Netgate Discussion Forum
    • Categories
    • Recent
    • Tags
    • Popular
    • Users
    • Search
    • Register
    • Login

    25.03 beta - Bufferbloat / FQ CoDel issues

    Scheduled Pinned Locked Moved Development
    26 Posts 4 Posters 760 Views
    Loading More Posts
    • Oldest to Newest
    • Newest to Oldest
    • Most Votes
    Reply
    • Reply as topic
    Log in to reply
    This topic has been deleted. Only users with topic management privileges can see it.
    • w0wW
      w0w @RobbieTT
      last edited by

      @RobbieTT
      https://www.waveform.com/tools/bufferbloat
      And what does it show here?

      RobbieTTR 1 Reply Last reply Reply Quote 0
      • RobbieTTR
        RobbieTT @w0w
        last edited by

        @w0w

        As mentioned, it still gives me an A+ but the score does not reflect the issues now seen at higher flows:

         2025-05-09 at 16.58.05.png

        It's one of the aspects that confused me until I worked out the limitations of this site (at least using it from here in the UK).

        ☕️

        w0wW 1 Reply Last reply Reply Quote 1
        • w0wW
          w0w @RobbieTT
          last edited by

          @RobbieTT
          Hmm, interesting, really.
          Have you tested it on 24.11 already? I mean this Apple network quality tool.

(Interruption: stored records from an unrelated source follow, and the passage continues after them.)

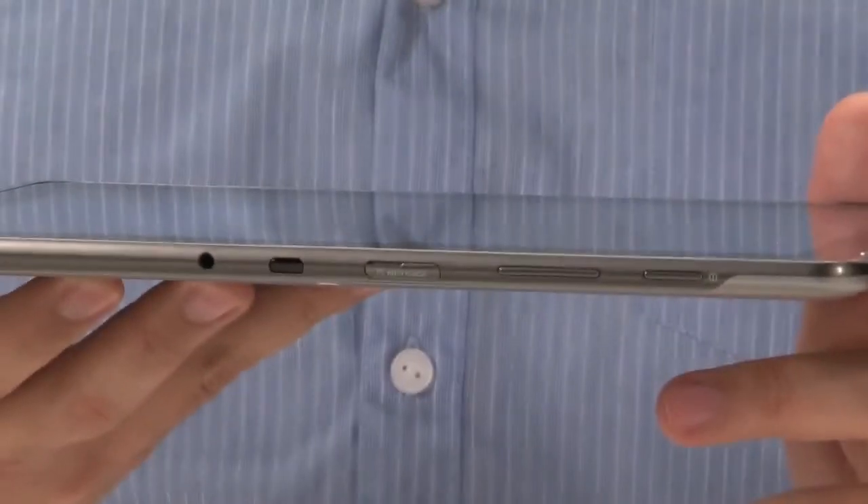This is the Samsung Galaxy Tab 2 10.1. Say that again. The Samsung Galaxy Tab 2 10.1. That is a long name. Yeah, Samsung loves long names — I think maybe a little longer than I like. So what is it? It's just a new Android tablet. Yeah, a new Android tablet. It runs Ice Cream Sandwich, the latest version of Android's operating system. And it's very, very similar to the Galaxy Tab 10.1 from last year.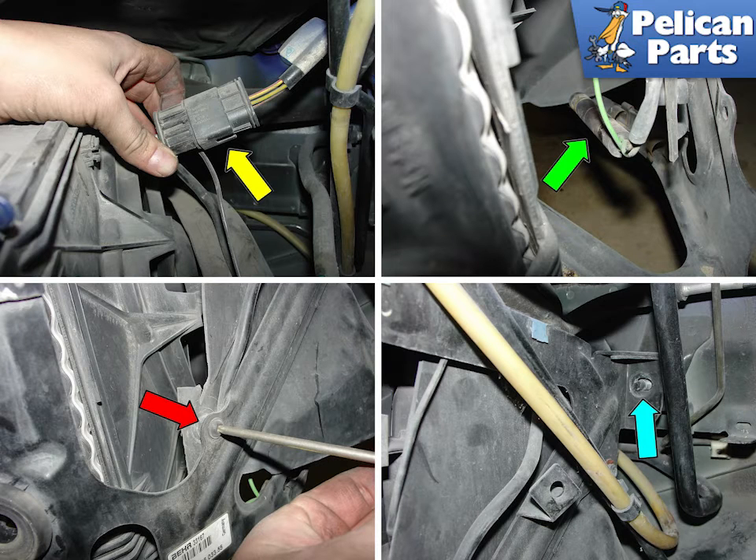The yellow arrow shows the electrical connection to the fan that must be disconnected. Pull out the resistor pack from the bracket and loosen the wire harness.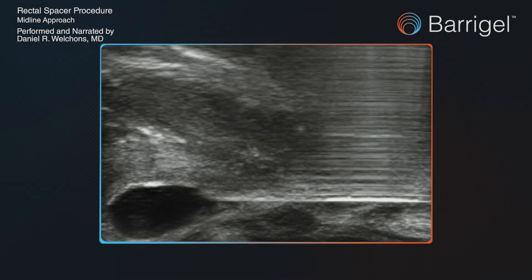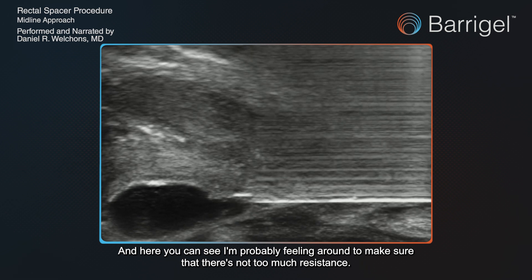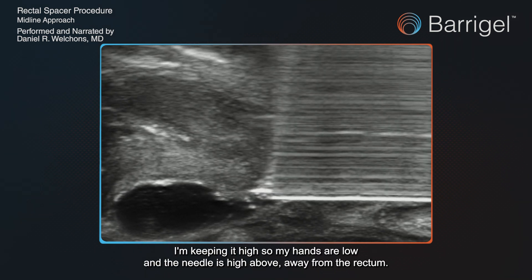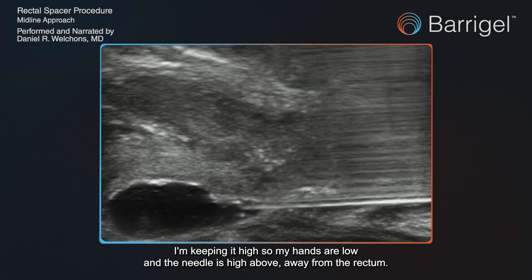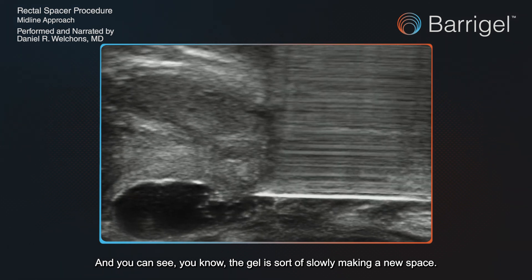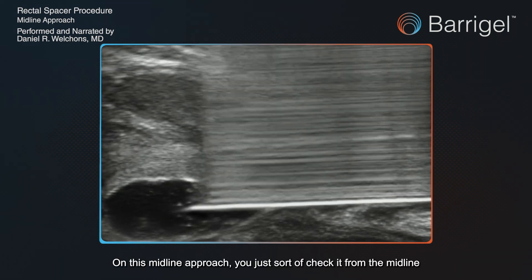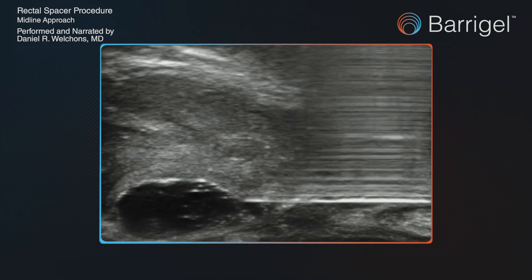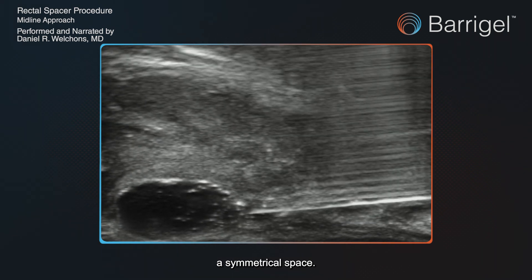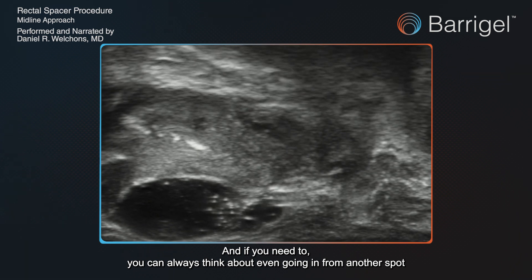I tend to switch between the two views a lot, just to make sure I'm in a safe area and putting the gel in the best spot with the best symmetry. Here I'm feeling around to make sure there's not too much resistance. I'm pulling back a little on the needle, keeping it high — so my hands are low and the needle is up away from the rectum — and just injecting slowly. You can see the gel slowly making a new space. Some of it's leaking back to the base, which sometimes happens with scarring. I check from the midline as I inject, then go left and right in the sagittal view to confirm a symmetrical space.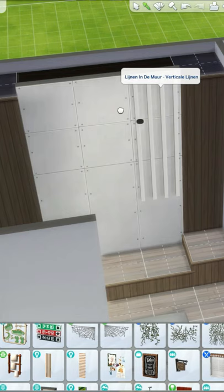It only places on walls — first place on the wall, and then delete the wall. Make sure you put move objects on if you want to try this too.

          RobbieTTR 1 Reply Last reply Reply Quote 0
          • RobbieTTR
            RobbieTT @w0w
            last edited by RobbieTT

            @w0w

            Not that recently but all was ok back then so didn't appreciate the differing flow generation capabilities between it and the online tools as they all gave similar results then. I guess you don't look that hard when all is well.

            The Apple / IETF tool came with macOS Mojave, so it's been around for a few years now. I was still rocking a EdgeRouter back then and it did a pretty good job with pppoe and fq_codel, so not much to see.

            Looking into my current issue in a bit more detail I can see that it is only real-world noticeable when there is heavy traffic & flows in both directions (ie simultaneously). Running tests sequentially shows that upload is more impacted than download.

            Running pure download I get full bandwidth, low latency and good responsiveness scores. That gives me something to focus on tomorrow. Of course, simultaneous tests are not really reflected in the online buffer bloat tests. Another reason why my real-world performance is bad and yet I get a reassuring A+ on waveform.com.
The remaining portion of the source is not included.